After the ferment is completed, it can then be added to your compost pile or directly to soil in your garden or yard.
You can plant on top of the bokashi after 2 weeks. It will transform into compost to use elsewhere after 4-8 weeks. This process is even faster, in as short as 2 weeks, when you add the fermented scraps to your compost pile. It’s a great way to amend your passive pile and speed up compost production.
Making your own Bokashi:
A 6-8 month supply can be made for about $13.
You will need:
25 pounds of Wheat Bran or Rice Bran (check local feed stores)
1.5 tablespoons Ceramic powder (I get mine from Teraganix)
2.5 tablespoons Sea Salt
1/4 cup EM-1 (Teraganix sells Prof. Higa’s formula, it’s what I have always used)
1/4 cup Molasses
2 gallons HOT water
Mix the ingredients in large bin. After thoroughly mixed, it should start sticking together, move to garbage bag and suck out the air with vacuum cleaner. Let it ferment in this air tight bag for 2-3 weeks.

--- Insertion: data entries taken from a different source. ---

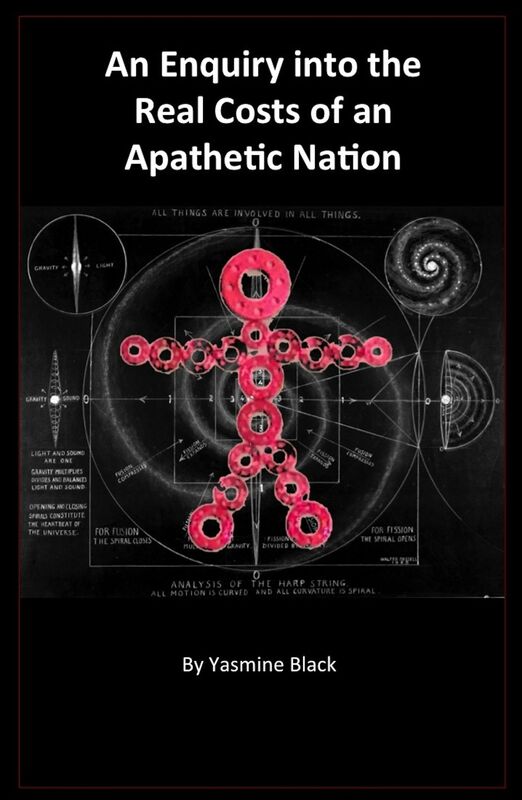 An Enquiry Into The Real Costs of an Apathetic Nation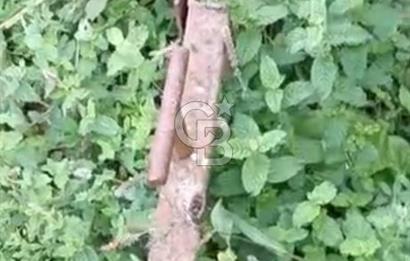 ÖDEMİŞ HORZUMDA SATILIK MUHTEŞEM BAHÇE 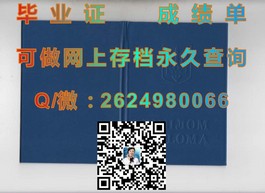 《圣安德鲁斯大学证书背后的传奇：揭秘世界顶级学府的荣耀通行证》）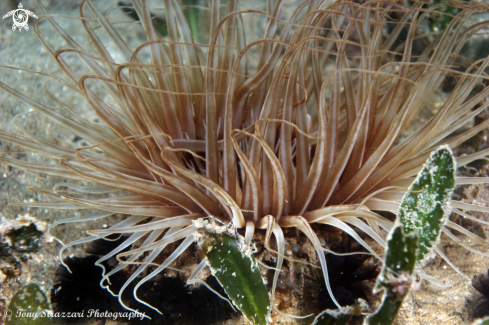 A Banded tube anemone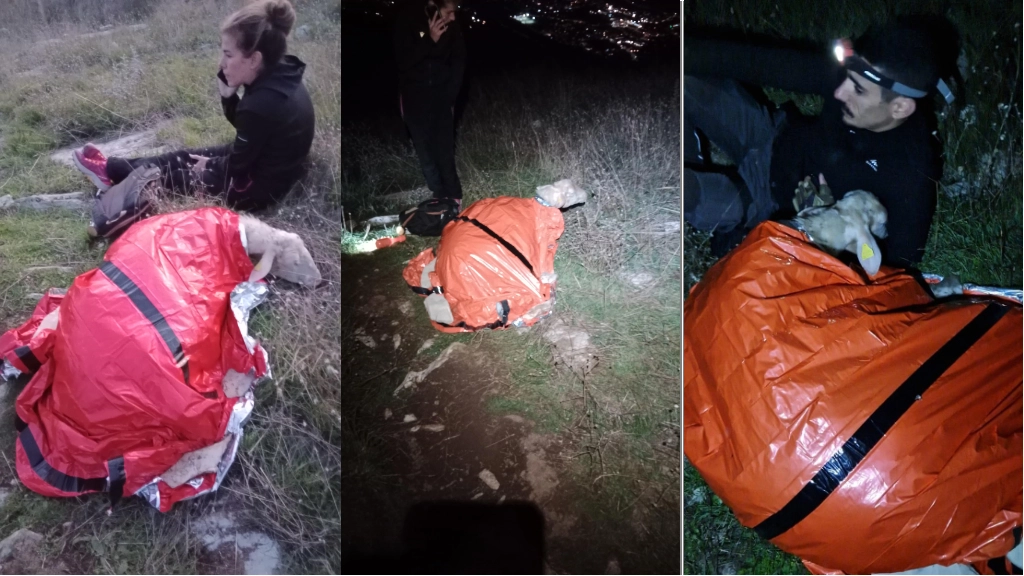 I soccorsi alla pecora ferita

You will know it’s done by the sweet pickling type smell. There may be white spots; that is fine. Black or green mold, is not ok to see. If you see that, air is getting in. You can scoop out those parts and reseal.
You may use it right away but if you dry it then it will last for years. To dry, spread on garbage bags or tarp (layering over newspaper helps it dry faster). Once dry you can store in bags or bins. It’s a fun process and really easy. Children especially enjoy helping! You can make small batches in buckets or huge batches on tarps. It is safe, actually good for birds and the environment. So, don’t worry if it spills outside.
- having no food waste
- the trash not smelling and being light and not needing to go to the curb each week
- the convenience
- no smelly food to be carried out in the yard
- soil enhancement, generating a lot of compost
- You need a place to bury it
- You need to make or buy your bokashi (though it’s easy to make)
- “Fancy” bins are expensive but buckets work fine (account for liquid)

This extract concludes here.